Security considerations
The security implications of sharing a capability to a chat room are rather large. If Alice, Bob, and Carol have replicas of the same chat room then sending Alice a message means indirectly sending Bob and Carol messages, too. Each presence of the chat room is co-equal with all other presences, after all. As a consequence, we cannot perform administration in a centralized manner like we could if there was a single canonical chat room actor living on a single machine. Revocation, for example, is now a communal effort. If Mallet can propagate messages through Bob and Carol (because Mallet holds a capability to both) then Bob and Carol must each revoke their respective capabilities in order to prevent Mallet from sending messages to the chat room in the future. While it’s possible to create a zcap that would cause Mallet’s messages to be ignored by clients, it doesn’t change the fundamental truth that Mallet has the capability to send messages to the chat room until such a time that all previously issued ocaps have been revoked. The formation of complete networks, where each replica holds a capability to sync with every other replica, is thus discouraged in this design. The connectedness of a replica is a function of how trusted the user of that replica is in the real world social group. The more strongly connected a user is, the harder it becomes to remove them later if the social dynamic changes. There is a tension between the risk imposed by a strongly connected network and the desire to maximize availability of the chat room for online users.
The overall security goal for this prototype was to prevent Mallet from irreparably destroying the shared state of the chat room, which was achieved through Byzantine fault tolerance. Additionally, message signing and zcaps provide a means of holding Mallet accountable for anti-social/malicious actions that the system is technically incapable of preventing, giving users some agency over what they see in their client interface. Is this good enough?
Things left undone
This prototype was focused on exploring the core of a minimally viable p2p chat built on capability security principles. It is not production software. I did not concern myself with optimal bandwidth nor memory usage. As mentioned earlier, chat history is not even saved to disk.

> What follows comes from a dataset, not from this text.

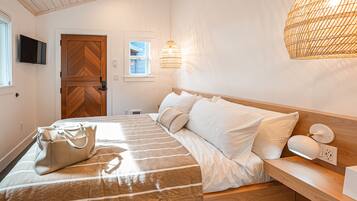 Economy Room, 1 Queen Bed | Iron/ironing board, free WiFi, bed sheets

Some areas for improvement are:
-
Decentralized identity and naming. This was deliberately left out to keep the scope of this experiment manageable. Spritely has another project, codenamed Brux, to explore this topic. See also our paper on petnames.
-
Ergonomic UI/UX for the complexity introduced by decentralization and eventual consistency. What’s a user-friendly way to add and revoke ocaps and zcaps? The UI doesn’t even attempt to allow viewing or editing zcaps right now. How can we clearly communicate what the security properties are/aren’t so that users don’t get false impressions?
-
History rewriting. If Mallet writes some truly terrible content to the append-only chat log, it’s stuck in there even if it’s hidden in the user interface. Introducing some amount of synchronization to deal with this scenario seems okay. We could take inspiration from Git where the commit graph is append-only but branch names are mutable pointers.
-
Preventing new members from reading past messages like in Signal groups. This should be an option like it is in other secure chat programs, but it’s a complex topic and exploring it was out of scope.
Conclusion
![]()
I hope this was an interesting walkthrough of how ocaps, actors, CRDTs, and zcaps can be composed with each other! Big thanks to the DWeb Seminar organizers for providing the spark of inspiration I needed to dive into the CRDT literature and build this prototype.